If the developer in charge finds it difficult to understand the code, he/she will (hopefully) ask questions, and begin to document the incomprehensible code. The phrases he/she coins may be a good starting point for the names of new methods or classes.
Often, however, schedule pressures do not permit to implement a clean solution right away. A feature may have to be added in a hurry, a bug patched rather than fixed. In these cases, the code in question should be marked with a FIXME note, in order to be reworked, when time permits. Such circumstances call not for individual refactorings, but for a whole refactoring project. When the time has come to address the accumulated problems, a scan for FIXMEs, TODOs, etc. over the code base will return all the trouble spots for review. They can then be refactored according to priority.
What are the benefits of refactoring?
Carrying out a few refactoring operations before or during code debugging may have immediate benefits. Often it becomes easier to spot the bug location. So time is saved, while at the same time the quality of the code is enhanced. Well-structured code is also less error-prone when it comes to extending it.
Kent Beck [Fowler, p.60] states that refactoring adds to the value of any program that has at least one of the following shortcomings:
* Programs that are hard to read are hard to modify.
* Programs that have duplicate logic are hard to modify
* Programs that require additional behaviour that requires you to change running code are hard to modify.
* Programs with complex conditional logic are hard to modify.
Summarising, while sometimes there are immediate benefits to be reaped from refactoring, the real benefits normally come in the long term. They consist in substantially reduced time that developers spend on debugging and maintenance work, as well as in improved extensibility and robustness of the code. In addition, code duplication is reduced, and code re-use fostered. Overall maintenance and development cost should come down, and the speed of the team to react to changing needs should improve.
What are the concerns, particularly of management?
If there are so many usually undisputed benefits from well-structured, comprehensible code, and if refactoring leads from chaotic, badly structured, error-prone code to well-designed code by performing a serious of small, controlled operations, why then is not every software developer engaged in refactoring?

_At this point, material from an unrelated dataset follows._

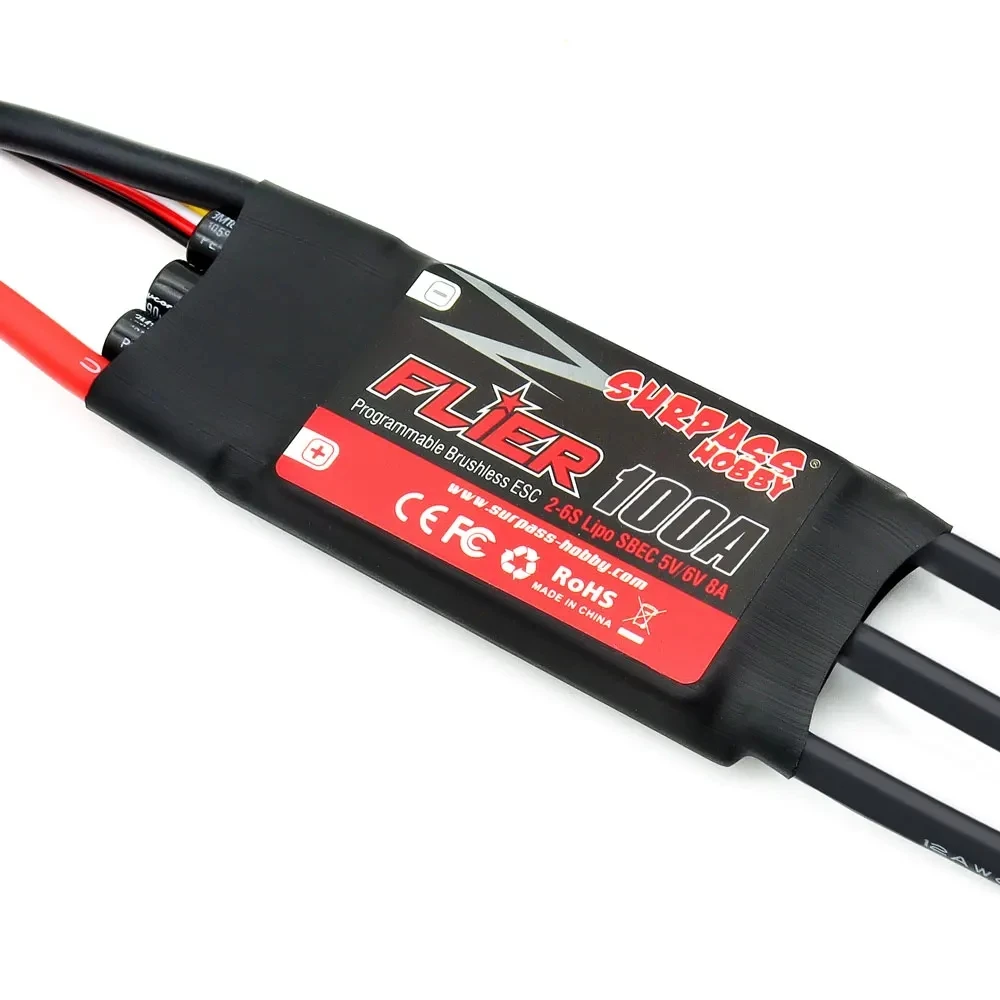 SURPASS HOBBY Flier V2 20A 30A 40A 50A 60A 80A 100A Brushless ESC 32 บิตตัวควบคุมความเร็วพร้อม BEC 2-6S สำหรับเครื่องบิน RC เฮลิคอปเตอร์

Software developers are often reluctant, because some refactorings are simply tedious. And there is no visible external benefit for all the labour put in.
Also management may be at fault. As long as management only rewards externally visible code properties such as functionality and performance, but neglects to pay attention to the code’s inner quality, e.g. via code review or by failing to set coding standards, it is only to blame itself, when software developers are reluctant to invest some of their precious time on refactoring operations.
Then there is the serious risk of breaking the code through refactoring operations. And if e.g. file-names change, traceability of modifications is likely to become an issue, too.
Even if the software developer, is keen to refactor some badly structured code. His/her manager, however, may have quite a different perspective, and may oppose any attempt to modify working code. These concerns cannot simply be ignored, but must be suitably addressed by both developers and management.
Why use an automated tool?
When doing refactoring the externally observable behaviour must be guaranteed to stay the same. If refactorings are carried out manually, one needs to frequently rebuild the system and run tests. Manual refactoring is therefore really practical only, when the following conditions hold:
1. The system, of which the refactored code is a part, can be rebuilt quickly.
2. There are automated "regression" tests that can be frequently run.
This situation is not very common, meaning that the applications of refactoring is limited. This situation is becoming more common, particularly as more people use XP (Extreme Programming) development methods.
Another hindrance is that many of these refactoring are tedious. Potentially requiring hours of precious development time, as the change is made and then thoroughly checked. Not many programmers would enjoy the task of renaming a method in a large code base. A simple search and replace will potentially find extra results. So each replacement must be examined by the programmer. However there is no great intelligence to the operation, all that is wanted is to rename any use of a method on a given class or its subclasses. A refactoring tool therefore can save hours of work. Even more importantly give confidence that the correct changes were made.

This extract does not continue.